É com uma coleção de memórias que vejo Pearl Jam. Quando eu decidi escutar Rock, deparei-me com uma lista dos dez melhores álbuns dos anos 1990 e, após analisar as boas indicações, escolhi ouvir Eddie Vedder e seus companheiros. Dediquei-me a escutar tudo que a banda havia lançado até então, embora “dedicar” não seja a palavra exata, porque, na verdade, eu me “forcei” a gostar não só da banda como do estilo em si. Eram tempos turbulentos na minha juventude.
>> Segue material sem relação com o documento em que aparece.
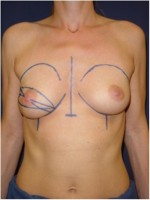 Einzeichnung der Schnittführung vor einer Mastektomie mit  Erhalt von Brustwarze und -vorhof und sofortigem Wiederaufbau mit einem Implantat. Zudem ist die Angleichung der linken Brust mit einem Implantat geplant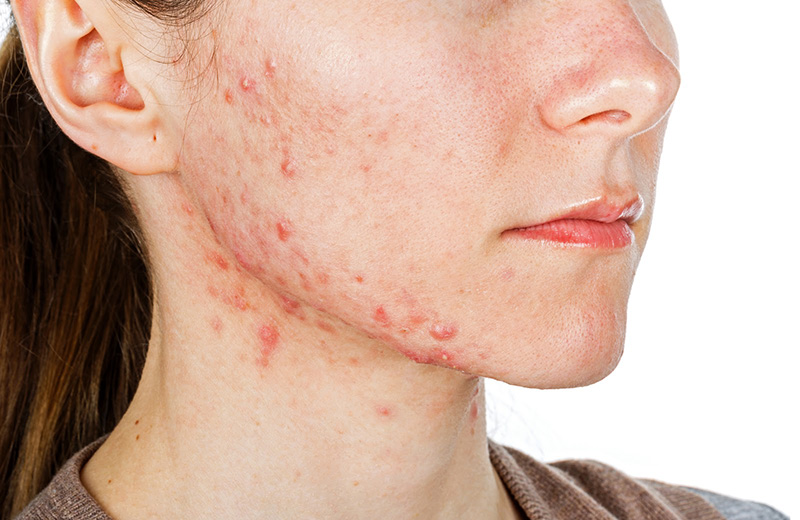 Da mặt bị dị ứng thường gây mẩn đỏ, ngứa rát khó chịu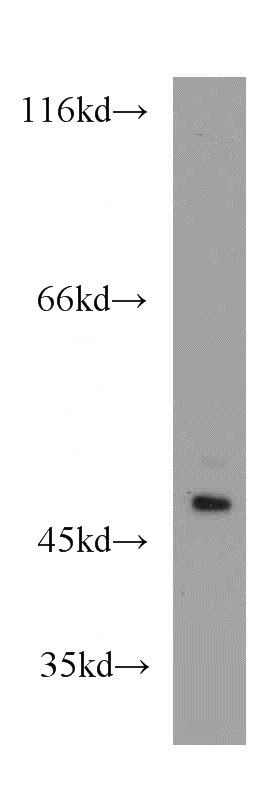Jurkat cells were subjected to SDS PAGE followed by western blot with Catalog No:113493(PAICS antibody) at dilution of 1:1000
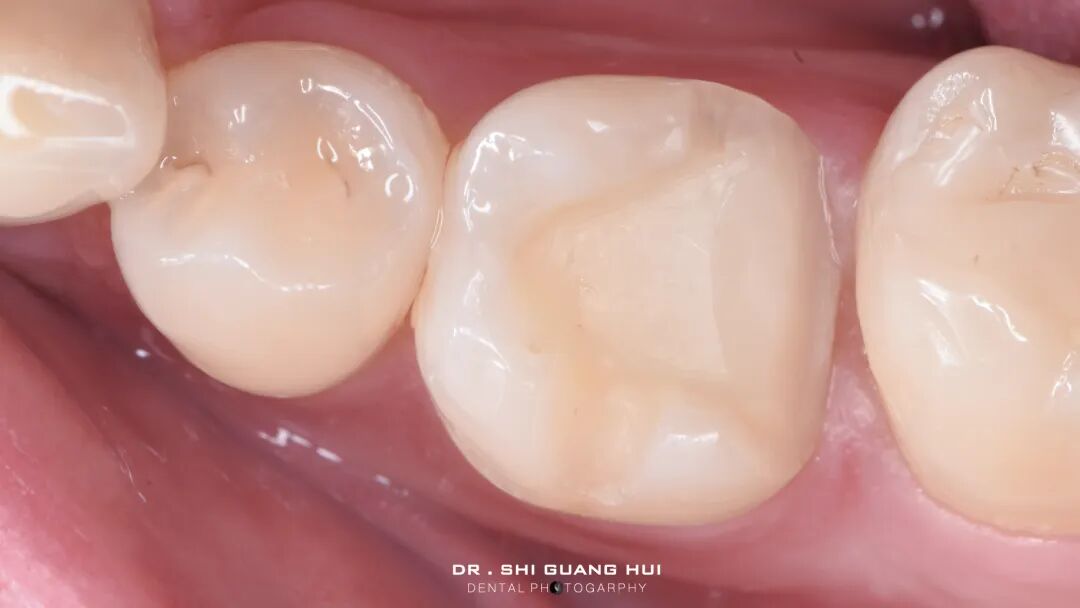 深边缘提升的再思考（龈壁提升的操作细节）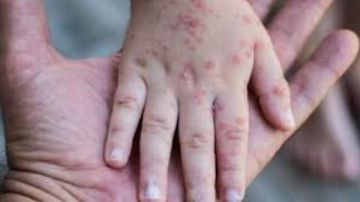 مرض معد.. تفاصيل وطرق الإصابة بالجدري المائي وتأثيره على الكبار مرض معد.. تفاصيل وطرق الإصابة بالجدري المائي وتأثيره على الكبار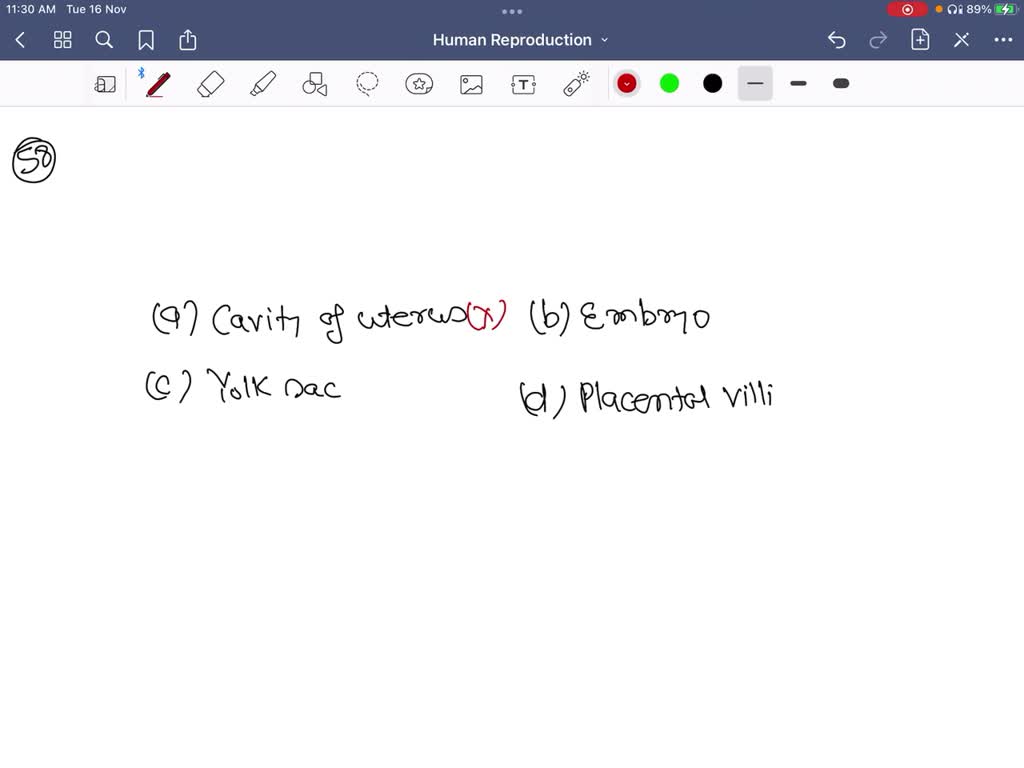 SOLVEDWhat does 'b' represent in the figure? (a) Cavity of uterus (b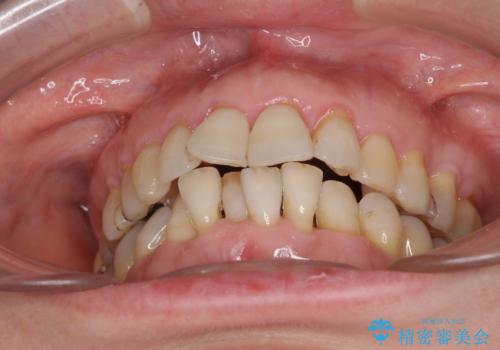 口元の出っ張りとデコボコを改善したいの治療前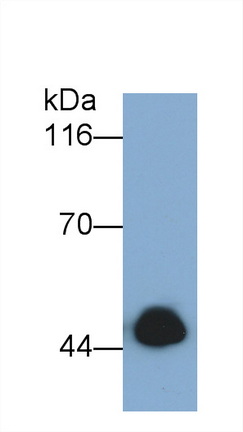 Monoclonal Antibody to Transcobalamin I (TCN1)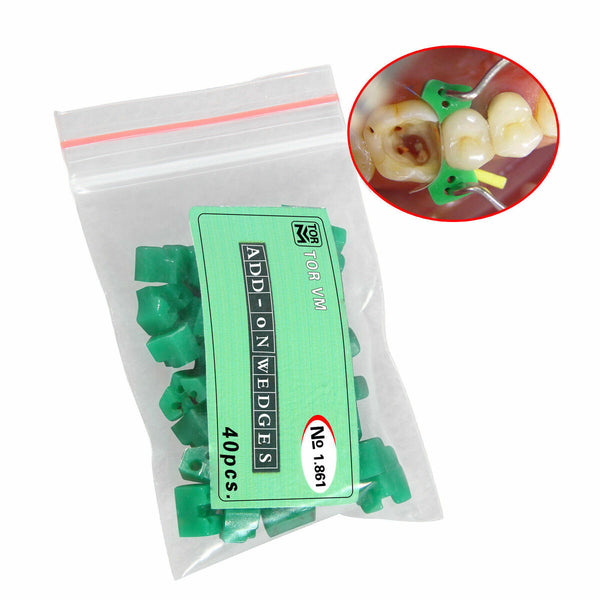 TOR-VM Fixing Wedges 40 pcs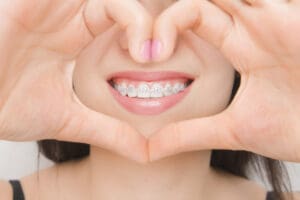 quanto costa un apparecchio per i denti prezzi e soluzioni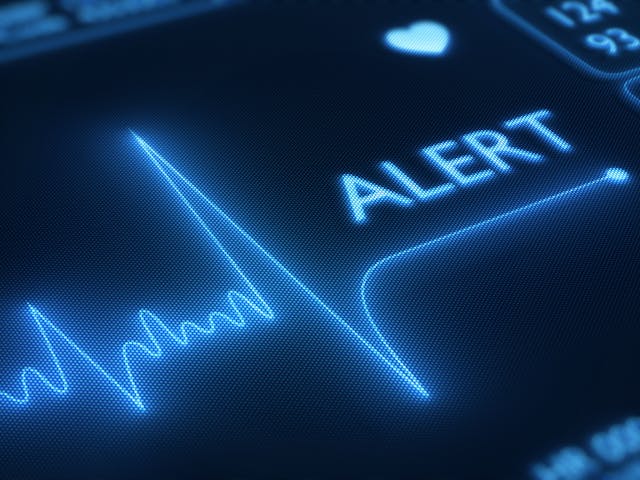 EKG reading with the word "alert" 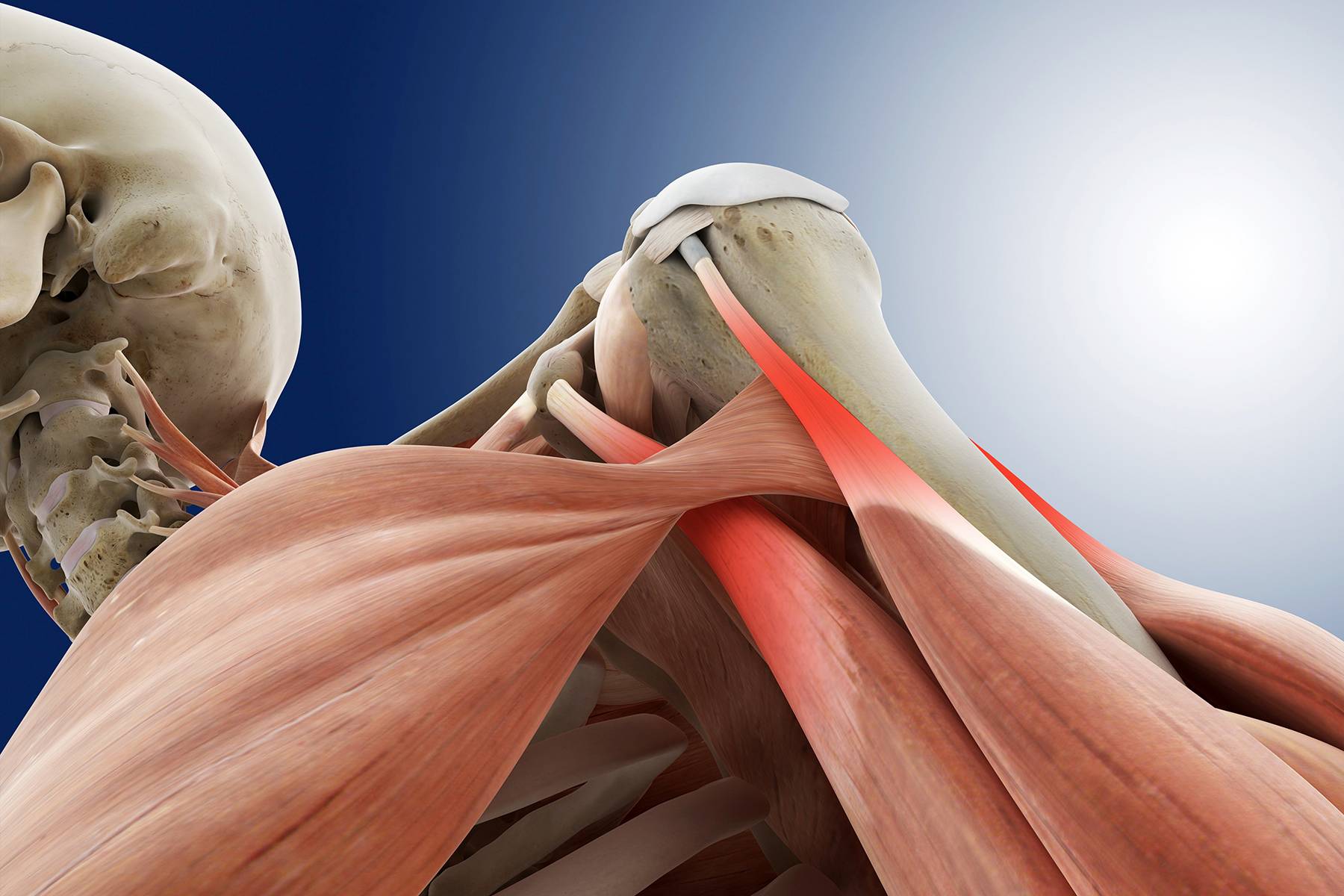 Разрыв ротаторной. Ротаторная манжета плечевого сустава мышцы. Тендинопатия сухожилия мышцы. Тендинопатия сухожилия плечевого сустава. Тендопатия сухожилия надостной мышцы.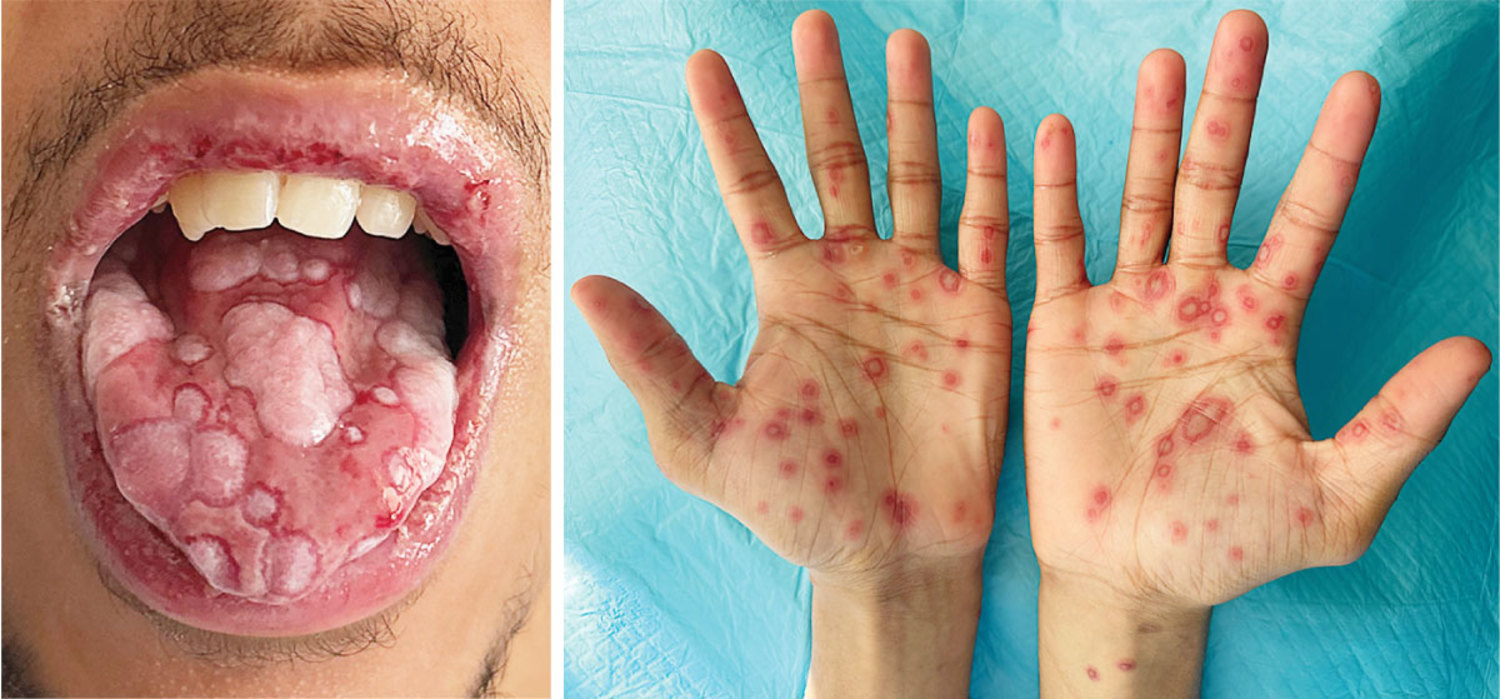 每日一题_2026.04.30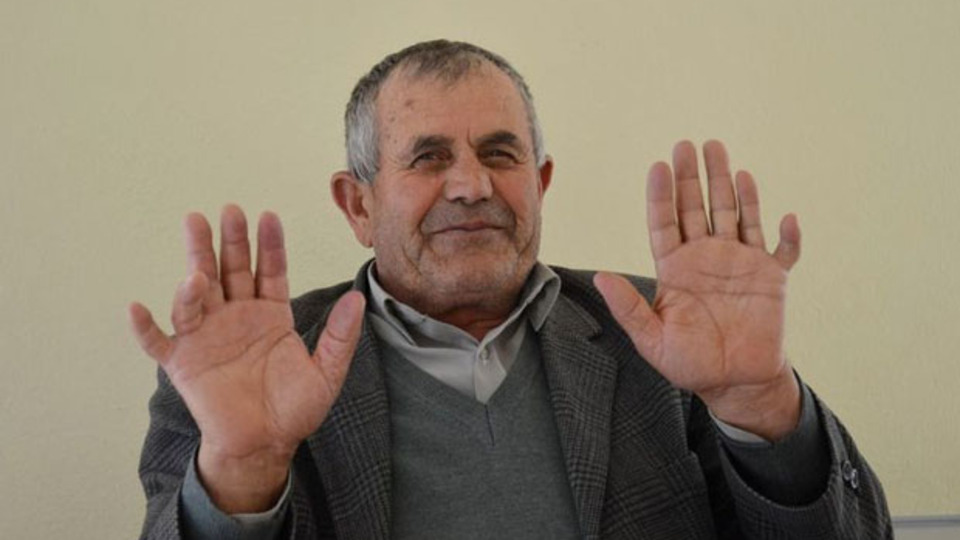 24 parmağıyla herkesi şaşırtıyor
Eu não entendia o porquê de tantos elogios, então passei a comprar as mais variadas revistas sobre música; a princípio não ajudavam, mas com o passar do tempo eu via finalmente a arquitetura daquele labirinto em que me meti. Agora, olhando para trás, sinto que fora um bom tempo perdido. Lembro até da entrevista que Vedder cedeu, transmitida pela extinta MTV Brasil, onde falava que “toda discografia tinha seus altos e baixos” – na época do lançamento do disco “Yield”.
Mas estamos no presente momento, presente esse em que “Gigaton” é mais um alto no repertório de Pearl Jam. Os acontecimentos de 2020 geraram impacto nas letras num tom pessimista em sua maior parte. Diferente de seus trabalhos anteriores, a banda se permitiu explorar suas fragilidades e incertezas. Também diferente do que alguns esperavam, algo mais “visceral e inovador”, já que Pearl Jam segue em ótima forma; “Gigaton” reflete perfeitamente um ano, no mínimo, desolador e frustrante. Talvez seja este o problema, a realidade sorrateira nos privou de enxergar o castelo sobre as nuvens.
P.S.: Para quem não se atrai pela “barulheira” habitual, indico buscarem as baladas dessa banda, pois nunca decepcionam. Para quem quer começar, indico o álbum ao vivo “Let’s Play Two” (2017), uma vez que Pearl Jam consegue ser ainda melhor ao vivo.